Director of TO THE END


"I've been making films about social movements for over a decade, covering historic campaigns from Occupy Wall Street and the immigrant labor movement to insurgent Congressional candidates to the inside-outside strategy of the climate movement which led to the passage of the first major climate legislation in US history. ... Students and audiences at my previous presentations have often told me they come away inspired and better informed, whether the topic is independent filmmaking or how movements can stop the climate crisis and make economic and racial justice part of the solution."

Rachel Lears is an award-winning documentary director, producer and cinematographer based in Brooklyn, NY. Her most recent feature documentary, TO THE END (Roadside Attractions), which follows four high-profile environmental leaders who ignite historic shifts in U.S. climate politics, premiered at the 2022 Sundance Film Festival and went on to play at Tribeca Film Festival, CPH:DOX, Hot Docs, and others; it was released theatrically in December 2022. Her last feature documentary, Knock Down the House (Netflix), follows four women who ran insurgent congressional campaigns in 2018. The film won the US Documentary Audience Award and the Festival Favorite award at the 2019 Sundance Film Festival, was shortlisted for an Oscar and nominated for an Emmy in 2020. Previously, she co-directed The Hand That Feeds (PBS) with Robin Blotnick, following a groundbreaking labor campaign waged by undocumented immigrants at a Manhattan deli; the film won numerous festival awards and was nominated for an Emmy in 2017. Rachel was a 2013 Sundance Creative Producing Lab fellow, and she received the IDA Emerging Filmmaker Award in 2019.

Rachel also has an extensive academic background, with a BA in Music from Yale University, and an MA in Ethnomusicology, Graduate Certificate in Culture & Media and a PhD in Cultural Anthropology from NYU. Her dissertation explored popular music, visual culture and cultural policy in Uruguay, and was supported by two Fulbright grants and a Mellon Foundation Dissertation Completion Fellowship, among others.

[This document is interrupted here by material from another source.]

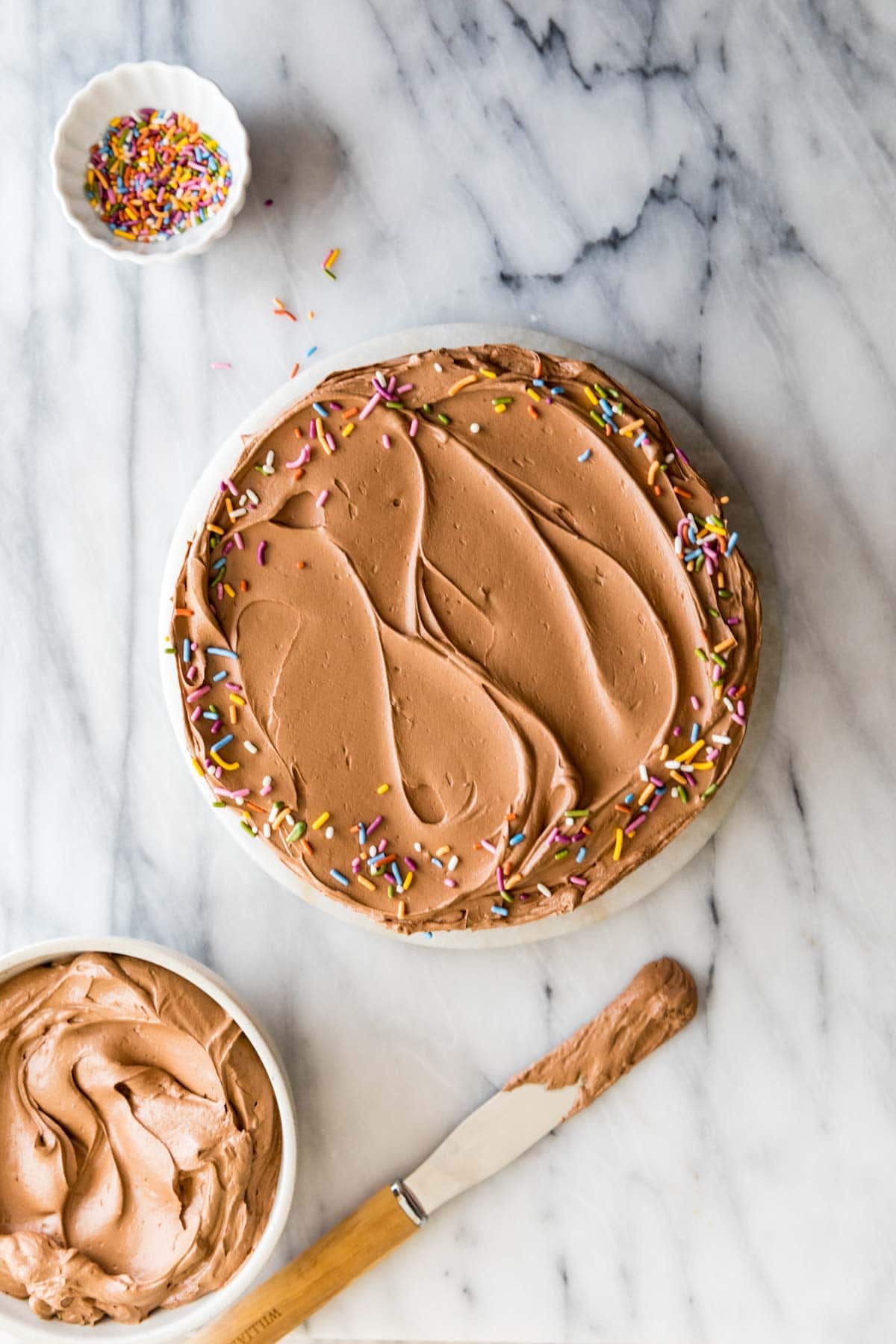 overhead view of a round cake frosted with chocolate frosting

She has taught courses at the undergraduate level in anthropology and ethnomusicology, and at the graduate level in documentary film production. Rachel has spoken and visited classes at numerous colleges and universities, discussing documentary film practice, film ethics, social justice impact filmmaking, and the contemporary issues explored in her work. Institutions that have hosted Rachel to speak include Columbia University, American University, Rutgers University, and more; in 2014 she gave the keynote address at the Ethnocineca Film Festival in Vienna, Austria. While promoting her films, she has also spoken extensively with media outlets, including podcasts such as The Intercept’s Deconstructed and television programs such as MSNBC’s Morning Joe and PBS’s Amanpour & Company.